> DATA SECTION:
+ + + + +

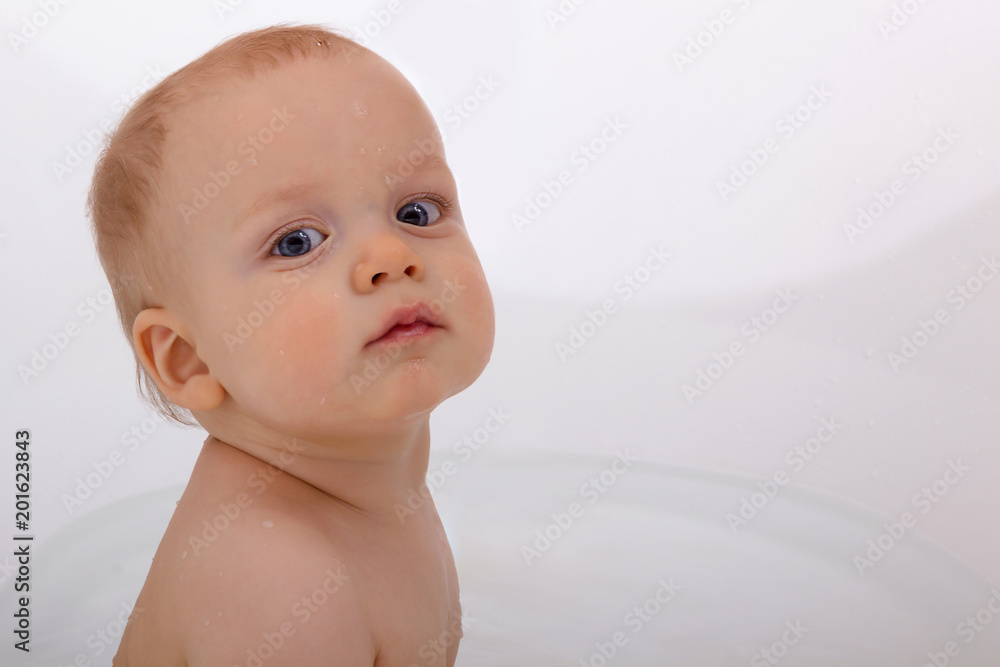 Cute baby boy against white background. Funny infant in bath tube looking t camera. Copy space Cute baby boy against white background. Funny infant in bath tube looking t camera. Copy space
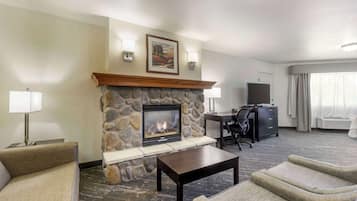 A hotel room with a stone fireplace, a desk, a television, and two armchairs.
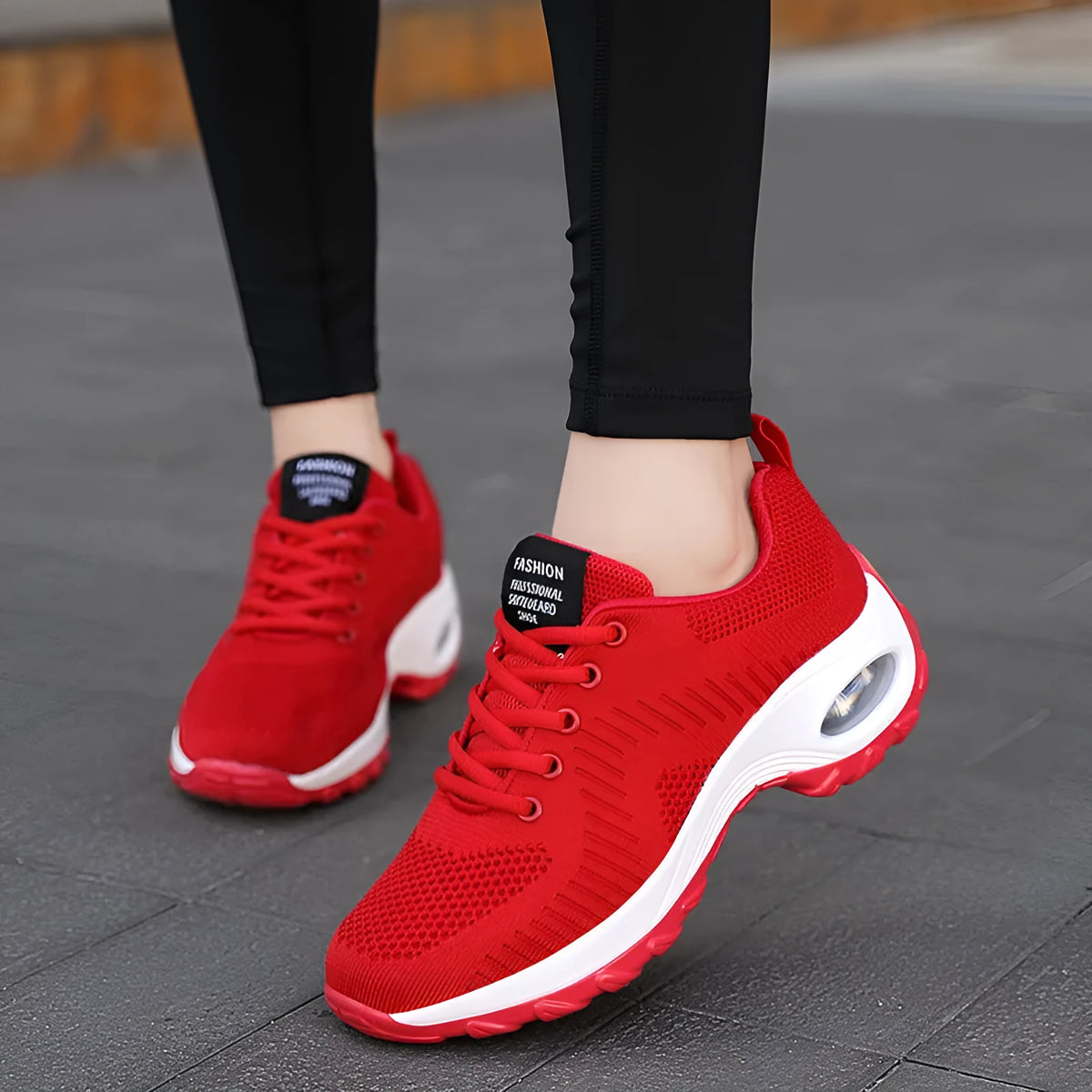 Red and black women's low-top mesh sneakers with round toe and front lace-up.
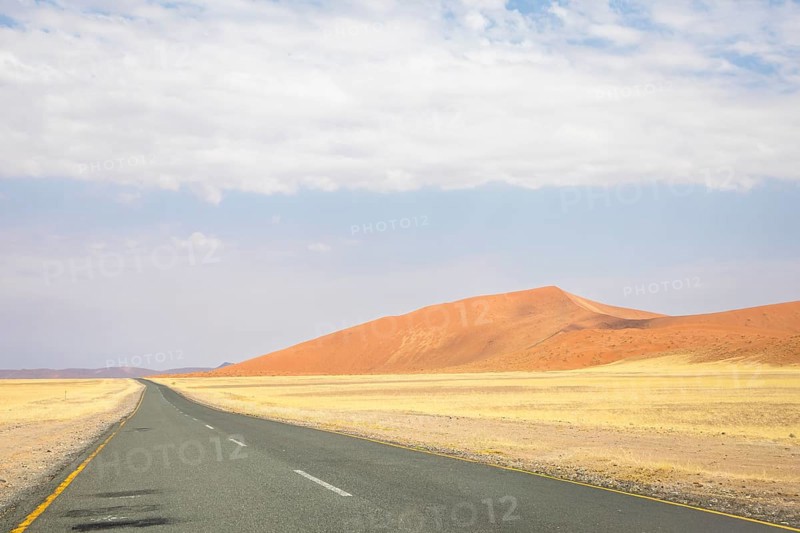 Inside Sossusvlei, gravel roads wind through red dunes to Deadvlei, Big Daddy, and Sesriem Canyon, offering scenic, dusty desert views, Namibia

+ + + + +

> TASK DIRECTIONS: Starting with the line that holds "Red and black", copy every line exactly through the final line of the material, but skip the pictures.

> EXPECTED ANSWER:
 Red and black women's low-top mesh sneakers with round toe and front lace-up.
 Inside Sossusvlei, gravel roads wind through red dunes to Deadvlei, Big Daddy, and Sesriem Canyon, offering scenic, dusty desert views, Namibia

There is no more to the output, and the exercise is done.